TASK DETAILS: Print, exactly as written, the line in the entries below that contains "2007 Sebring 2.4" and every line after it up to and including the last. Omit pictures.

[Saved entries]
_ _ _ _ _ _ _
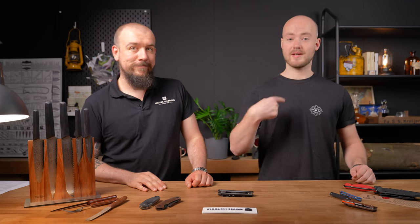Welcome to New Product Friday. This is Jasper, I'm Frank, and we've got some nice knives to show you.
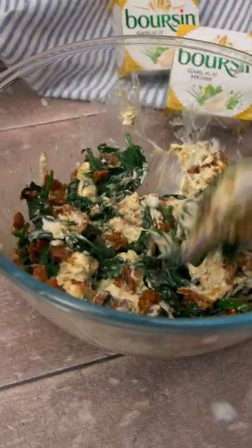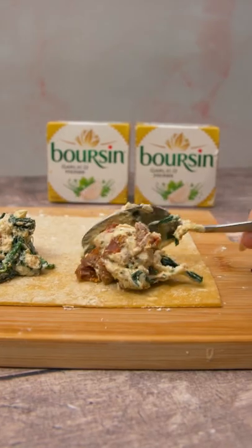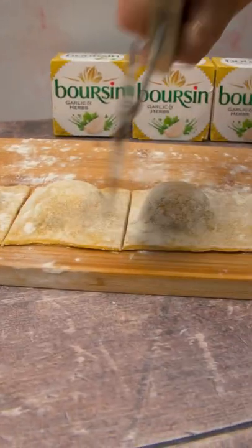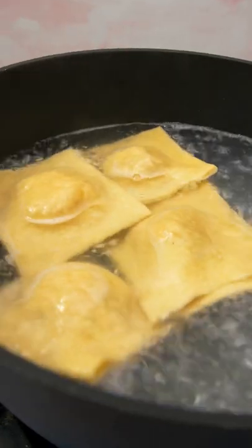Place your filling onto sheets of fresh pasta. We actually made ours and it's surprisingly easy, but you can buy this too. Seal the pasta and cut into squares, then add to salted boiling water and cook for about three minutes.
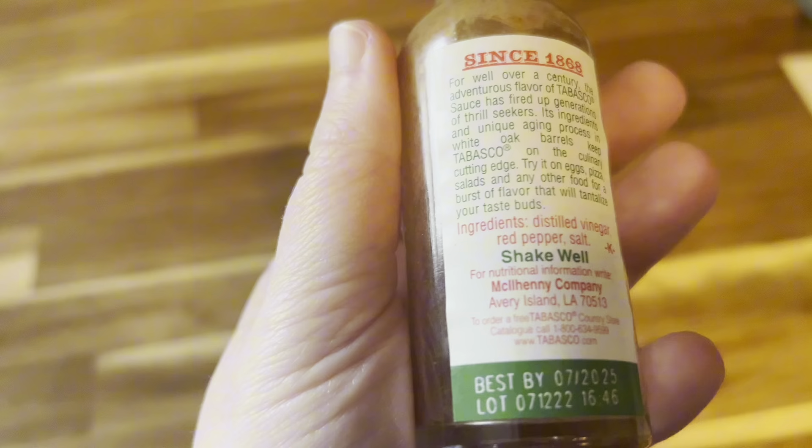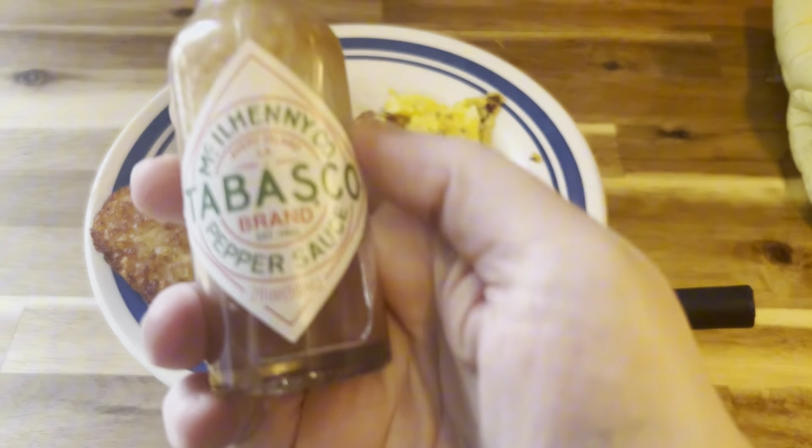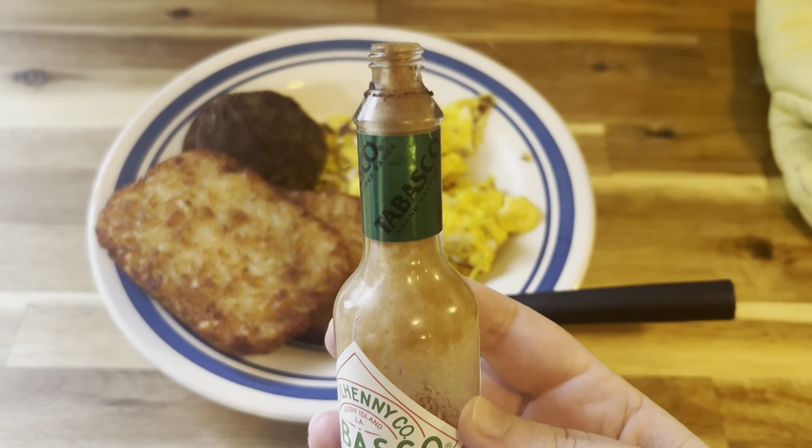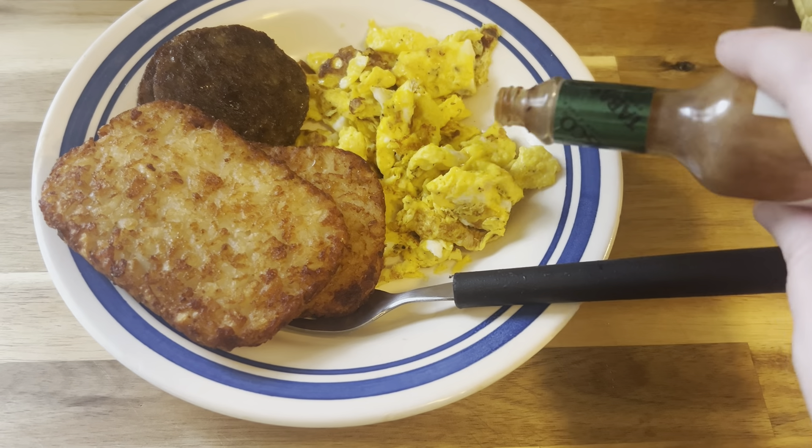I use this to add extra spice to salsa, chili, various soups, and I love it on my omelets and scrambled eggs. The sauce is very easy to use. It doesn't pour out quickly, so it's easy to control how much you add to a dish.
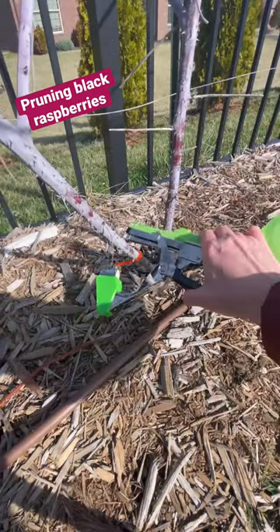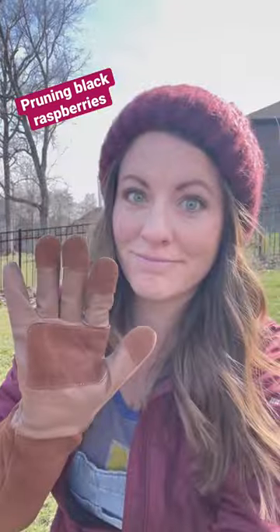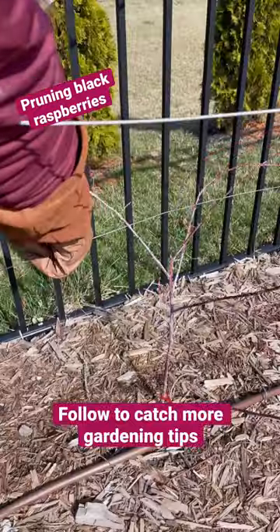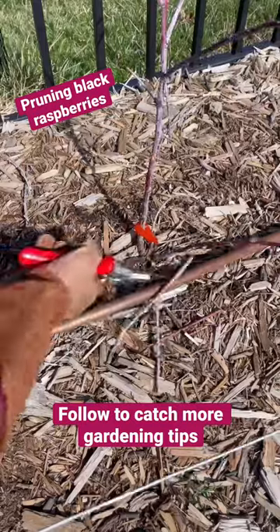Next I'll tag the floricanes so that I can easily find them when it's time to remove them after fruiting. Then, wearing thick gloves because black raspberries have some pretty wicked thorns, I'm going to remove the supports and prune back those lateral branches to about 24 to 36 inches. I'll also remove any low growing or damaged branches.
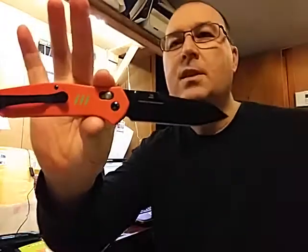Nice. Yep, one of the new Firebird line. Not bad at all. It's a little stiff.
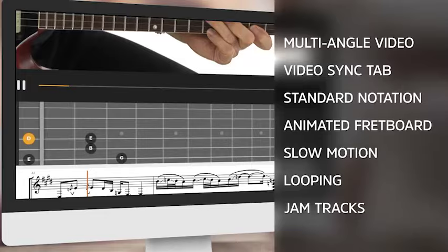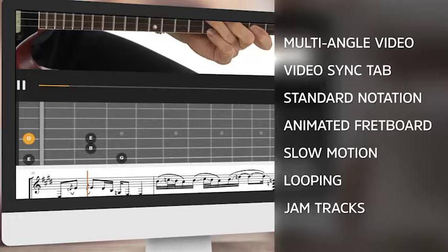You'll be able to use TrueFire's learning tools to play along with us. Ready to get started? Let's dig in.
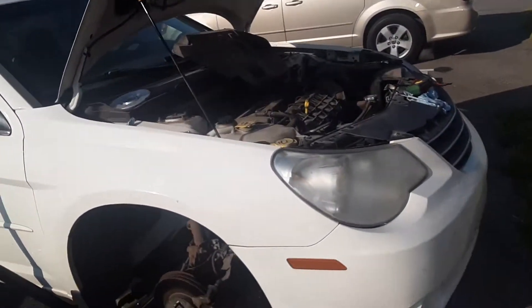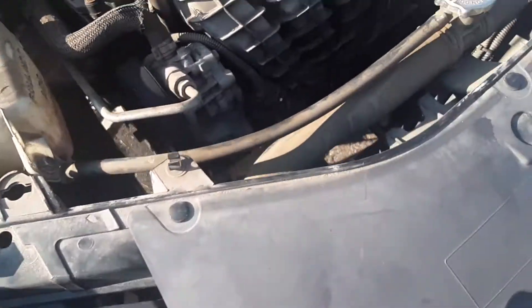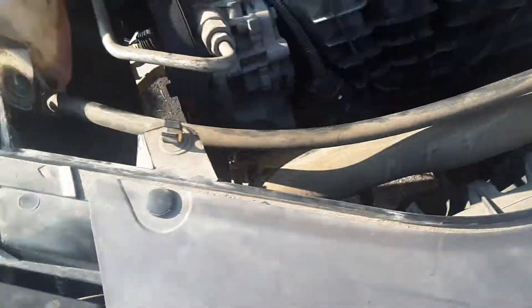2007 Sebring 2.4 liter, replacing the alternator. Some guys say you have to take the air conditioner line loose, but you don't. Come down here, take the tire off, take the side cover off. The tensioner is right here — take out three bolts and the air conditioner falls down out of the way.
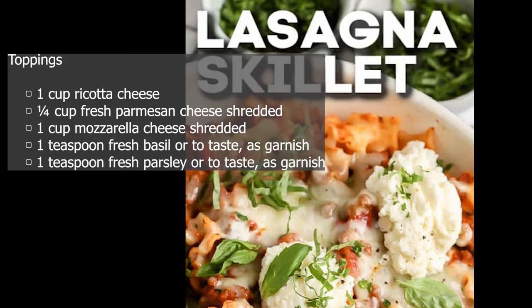Toppings: 1 cup ricotta cheese. 1 quarter cup fresh parmesan cheese, shredded. 1 cup mozzarella cheese, shredded. 1 teaspoon fresh basil, or to taste, as garnish. 1 teaspoon fresh parsley, or to taste, as garnish.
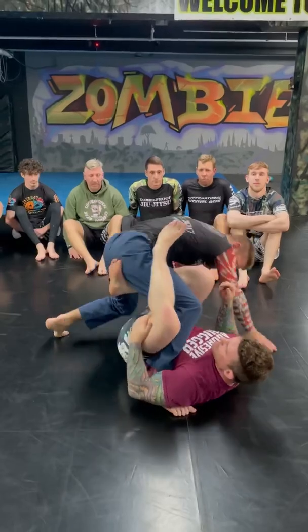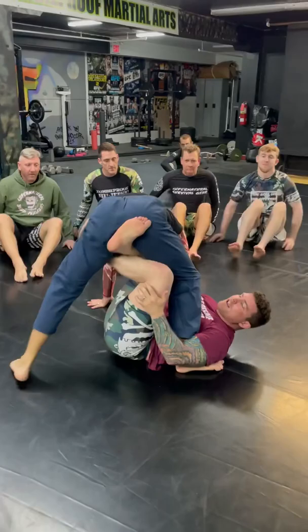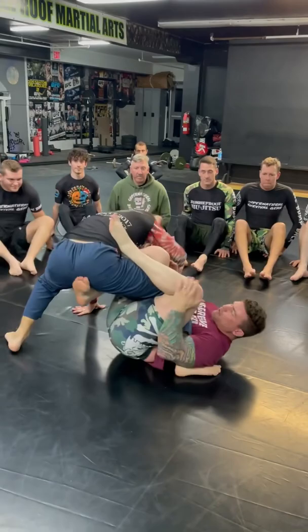A good drill to do is just have your partner base up so you're free to go underneath, and just have them reach up and touch your leg. When they touch your leg, you bring it under your own. Elevate, touch this leg, pull it down, bring it back up, put the leg back on.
_ _ _ _ _ _ _
ANSWER BOX:
2007 Sebring 2.4 liter, replacing the alternator. Some guys say you have to take the air conditioner line loose, but you don't. Come down here, take the tire off, take the side cover off. The tensioner is right here — take out three bolts and the air conditioner falls down out of the way.
Toppings: 1 cup ricotta cheese. 1 quarter cup fresh parmesan cheese, shredded. 1 cup mozzarella cheese, shredded. 1 teaspoon fresh basil, or to taste, as garnish. 1 teaspoon fresh parsley, or to taste, as garnish.
A good drill to do is just have your partner base up so you're free to go underneath, and just have them reach up and touch your leg. When they touch your leg, you bring it under your own. Elevate, touch this leg, pull it down, bring it back up, put the leg back on.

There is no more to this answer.